具体的には組織風土として「挑戦を奨励する環境を作る」、「社内コミュニケーションを活性化する」などの取り組みがあるでしょう。また、メンター制度やフィードバック面談もおすすめです。下記の参考記事もご参照ください。
参考:心理的安全性で強い組織を作ろう ぬるま湯ではない良い組織の作り方を徹底解説!
レジリエンスが高い人の5つの特徴
レジリエンスが高い人は、変化や逆境に直面しても前向きに対応し、再び立ち上がる力を持っています。こうした人々には共通する行動や思考のパターンが見られ、ビジネスシーンでも高く評価される傾向にあります。以下は、レジリエンスが高い人に見られる代表的な特徴です。
1.感情をコントロールできる冷静さ
ストレスやプレッシャーに直面しても、感情的に反応せず、冷静に状況を判断して行動できます。
2.柔軟な思考と現実の受容力:
予想外の事態にも対応し、自分の考えを修正したり新たな視点を受け入れる柔軟さがあります。
3.前向きな姿勢と行動力
困難を乗り越える過程を「成長の機会」と捉え、すぐに次の行動に移す力を持っています。
4.人とのつながりを大切にする姿勢
他者と信頼関係を築き、必要に応じて支援を求めるなど、孤立せずに協力することができます。
5.自己理解と内省に基づく対応力
自分のストレス傾向や価値観を把握しており、その時々の状況に応じて行動や思考を調整できます。
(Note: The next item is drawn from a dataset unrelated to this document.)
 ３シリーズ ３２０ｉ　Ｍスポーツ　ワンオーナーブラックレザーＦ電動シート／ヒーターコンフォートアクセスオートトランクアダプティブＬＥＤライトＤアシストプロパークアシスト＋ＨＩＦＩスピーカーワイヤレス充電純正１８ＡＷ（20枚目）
これらの特徴を持つ人材は、変化の激しい時代において組織を支える重要な存在となります。
まとめ
レジリエンスを高めることで従業員は変化に柔軟に対応でき、パフォーマンスを発揮しやすくなります。特に変化が多い業界では重要な資質の一つです。大切なのは、特別な才能に頼るのではなく、日常の中で気づきと実践を積み重ねることです。これからの変化の時代を生き抜くために、レジリエンスを「育てるべき力」として、個人・組織ともに意識して取り組むことが求められます。